Provide again, from the entries below, every line from the one containing "GMG Firenze-Yüksek Bel" through the one containing "Adam Lippes Dejeuner", exactly as written, and no other line.
(INPUT FOR THIS TASK Opens)
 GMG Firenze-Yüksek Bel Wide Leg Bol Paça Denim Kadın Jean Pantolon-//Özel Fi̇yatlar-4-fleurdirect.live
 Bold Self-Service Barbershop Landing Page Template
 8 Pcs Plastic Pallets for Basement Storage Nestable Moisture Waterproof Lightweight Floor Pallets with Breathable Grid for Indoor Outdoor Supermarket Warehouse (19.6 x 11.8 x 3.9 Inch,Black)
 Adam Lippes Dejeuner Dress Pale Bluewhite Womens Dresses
(INPUT FOR THIS TASK Closes)
(INPUT FOR THIS TASK Opens)
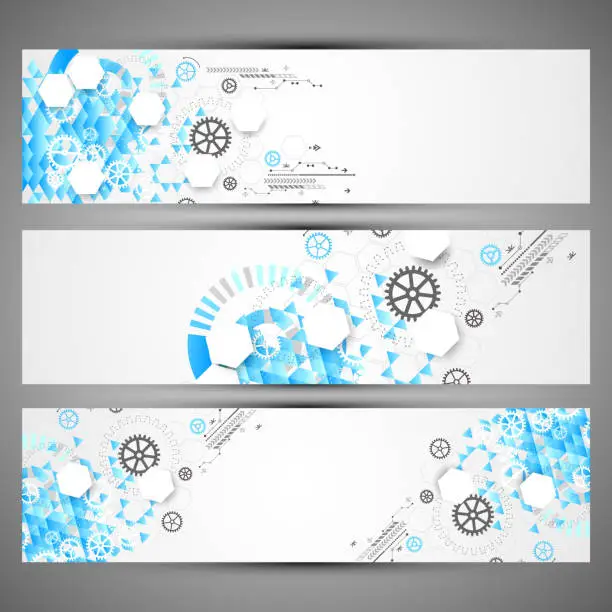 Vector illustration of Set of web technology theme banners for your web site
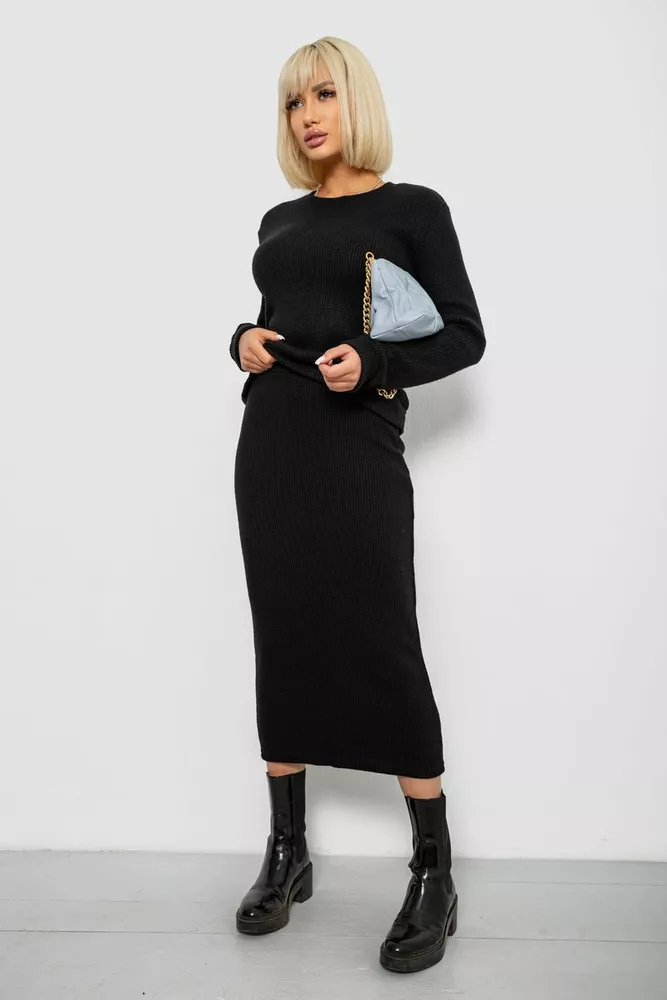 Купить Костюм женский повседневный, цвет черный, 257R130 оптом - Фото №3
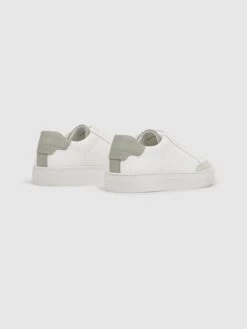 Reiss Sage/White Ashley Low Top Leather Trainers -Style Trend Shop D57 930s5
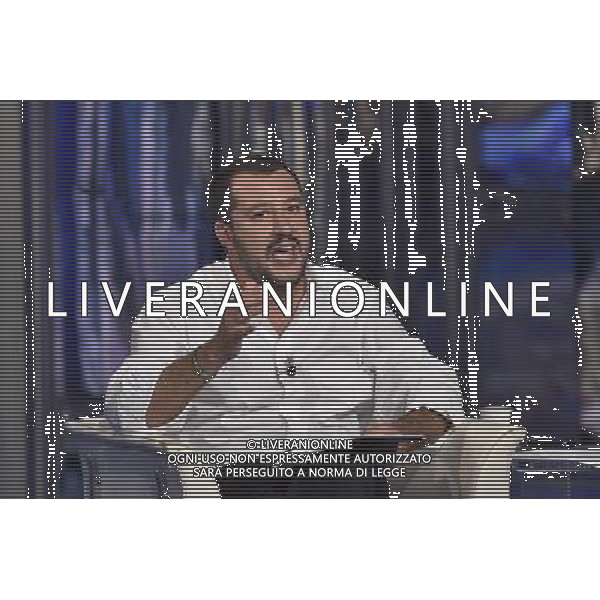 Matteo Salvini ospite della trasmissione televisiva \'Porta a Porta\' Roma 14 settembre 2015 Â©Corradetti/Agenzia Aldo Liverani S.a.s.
(INPUT FOR THIS TASK Closes)
(INPUT FOR THIS TASK Opens)
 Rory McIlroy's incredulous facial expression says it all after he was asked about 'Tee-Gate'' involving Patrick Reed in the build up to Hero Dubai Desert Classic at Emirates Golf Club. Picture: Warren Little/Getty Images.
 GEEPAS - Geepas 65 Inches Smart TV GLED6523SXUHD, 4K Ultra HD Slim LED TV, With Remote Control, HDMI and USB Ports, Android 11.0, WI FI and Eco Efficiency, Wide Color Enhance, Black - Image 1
(INPUT FOR THIS TASK Closes)
__COMPLETED EXERCISE__
 GMG Firenze-Yüksek Bel Wide Leg Bol Paça Denim Kadın Jean Pantolon-//Özel Fi̇yatlar-4-fleurdirect.live
 Bold Self-Service Barbershop Landing Page Template
 8 Pcs Plastic Pallets for Basement Storage Nestable Moisture Waterproof Lightweight Floor Pallets with Breathable Grid for Indoor Outdoor Supermarket Warehouse (19.6 x 11.8 x 3.9 Inch,Black)
 Adam Lippes Dejeuner Dress Pale Bluewhite Womens Dresses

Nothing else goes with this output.